WHAT YOU NEED TO DO
Write out the full set of records below exactly.

(Beginning of MATERIALS PROVIDED)

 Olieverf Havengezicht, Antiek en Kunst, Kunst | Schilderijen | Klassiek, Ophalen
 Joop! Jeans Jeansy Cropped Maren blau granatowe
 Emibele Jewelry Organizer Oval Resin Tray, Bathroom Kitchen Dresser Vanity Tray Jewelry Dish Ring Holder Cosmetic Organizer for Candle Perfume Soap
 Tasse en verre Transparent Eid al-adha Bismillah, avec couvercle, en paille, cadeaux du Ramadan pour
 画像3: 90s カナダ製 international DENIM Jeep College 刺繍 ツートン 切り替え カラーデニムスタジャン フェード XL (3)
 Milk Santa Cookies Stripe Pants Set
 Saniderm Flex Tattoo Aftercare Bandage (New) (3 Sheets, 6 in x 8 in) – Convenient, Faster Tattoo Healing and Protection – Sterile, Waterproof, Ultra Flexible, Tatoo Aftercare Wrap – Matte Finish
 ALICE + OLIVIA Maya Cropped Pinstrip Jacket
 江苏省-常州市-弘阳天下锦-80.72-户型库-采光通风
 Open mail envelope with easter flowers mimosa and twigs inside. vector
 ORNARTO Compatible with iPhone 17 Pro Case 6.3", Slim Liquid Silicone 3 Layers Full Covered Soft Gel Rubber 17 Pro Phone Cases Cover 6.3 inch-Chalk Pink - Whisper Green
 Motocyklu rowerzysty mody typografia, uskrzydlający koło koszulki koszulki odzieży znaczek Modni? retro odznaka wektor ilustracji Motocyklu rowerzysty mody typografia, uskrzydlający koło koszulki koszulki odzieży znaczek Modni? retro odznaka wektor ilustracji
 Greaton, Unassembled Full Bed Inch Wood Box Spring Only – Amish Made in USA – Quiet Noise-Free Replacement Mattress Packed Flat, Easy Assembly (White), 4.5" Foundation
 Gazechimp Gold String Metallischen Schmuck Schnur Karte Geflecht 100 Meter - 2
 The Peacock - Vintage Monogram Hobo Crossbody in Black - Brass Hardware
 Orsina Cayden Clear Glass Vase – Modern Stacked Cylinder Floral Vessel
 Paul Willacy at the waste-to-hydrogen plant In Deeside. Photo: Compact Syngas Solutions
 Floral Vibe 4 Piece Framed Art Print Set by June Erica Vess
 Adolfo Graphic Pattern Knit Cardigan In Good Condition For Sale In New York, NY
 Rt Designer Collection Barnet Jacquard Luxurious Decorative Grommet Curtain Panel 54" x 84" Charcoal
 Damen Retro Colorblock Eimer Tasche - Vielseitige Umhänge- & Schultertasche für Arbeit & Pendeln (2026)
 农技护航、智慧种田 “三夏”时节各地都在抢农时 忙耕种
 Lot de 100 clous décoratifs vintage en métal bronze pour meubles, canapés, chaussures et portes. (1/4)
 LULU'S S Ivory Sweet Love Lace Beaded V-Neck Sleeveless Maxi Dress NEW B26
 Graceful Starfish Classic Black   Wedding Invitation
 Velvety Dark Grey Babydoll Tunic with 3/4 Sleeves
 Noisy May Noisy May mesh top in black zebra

(End of MATERIALS PROVIDED)

EXPECTED ANSWER
 Olieverf Havengezicht, Antiek en Kunst, Kunst | Schilderijen | Klassiek, Ophalen
 Joop! Jeans Jeansy Cropped Maren blau granatowe
 Emibele Jewelry Organizer Oval Resin Tray, Bathroom Kitchen Dresser Vanity Tray Jewelry Dish Ring Holder Cosmetic Organizer for Candle Perfume Soap
 Tasse en verre Transparent Eid al-adha Bismillah, avec couvercle, en paille, cadeaux du Ramadan pour
 画像3: 90s カナダ製 international DENIM Jeep College 刺繍 ツートン 切り替え カラーデニムスタジャン フェード XL (3)
 Milk Santa Cookies Stripe Pants Set
 Saniderm Flex Tattoo Aftercare Bandage (New) (3 Sheets, 6 in x 8 in) – Convenient, Faster Tattoo Healing and Protection – Sterile, Waterproof, Ultra Flexible, Tatoo Aftercare Wrap – Matte Finish
 ALICE + OLIVIA Maya Cropped Pinstrip Jacket
 江苏省-常州市-弘阳天下锦-80.72-户型库-采光通风
 Open mail envelope with easter flowers mimosa and twigs inside. vector
 ORNARTO Compatible with iPhone 17 Pro Case 6.3", Slim Liquid Silicone 3 Layers Full Covered Soft Gel Rubber 17 Pro Phone Cases Cover 6.3 inch-Chalk Pink - Whisper Green
 Motocyklu rowerzysty mody typografia, uskrzydlający koło koszulki koszulki odzieży znaczek Modni? retro odznaka wektor ilustracji Motocyklu rowerzysty mody typografia, uskrzydlający koło koszulki koszulki odzieży znaczek Modni? retro odznaka wektor ilustracji
 Greaton, Unassembled Full Bed Inch Wood Box Spring Only – Amish Made in USA – Quiet Noise-Free Replacement Mattress Packed Flat, Easy Assembly (White), 4.5" Foundation
 Gazechimp Gold String Metallischen Schmuck Schnur Karte Geflecht 100 Meter - 2
 The Peacock - Vintage Monogram Hobo Crossbody in Black - Brass Hardware
 Orsina Cayden Clear Glass Vase – Modern Stacked Cylinder Floral Vessel
 Paul Willacy at the waste-to-hydrogen plant In Deeside. Photo: Compact Syngas Solutions
 Floral Vibe 4 Piece Framed Art Print Set by June Erica Vess
 Adolfo Graphic Pattern Knit Cardigan In Good Condition For Sale In New York, NY
 Rt Designer Collection Barnet Jacquard Luxurious Decorative Grommet Curtain Panel 54" x 84" Charcoal
 Damen Retro Colorblock Eimer Tasche - Vielseitige Umhänge- & Schultertasche für Arbeit & Pendeln (2026)
 农技护航、智慧种田 “三夏”时节各地都在抢农时 忙耕种
 Lot de 100 clous décoratifs vintage en métal bronze pour meubles, canapés, chaussures et portes. (1/4)
 LULU'S S Ivory Sweet Love Lace Beaded V-Neck Sleeveless Maxi Dress NEW B26
 Graceful Starfish Classic Black   Wedding Invitation
 Velvety Dark Grey Babydoll Tunic with 3/4 Sleeves
 Noisy May Noisy May mesh top in black zebra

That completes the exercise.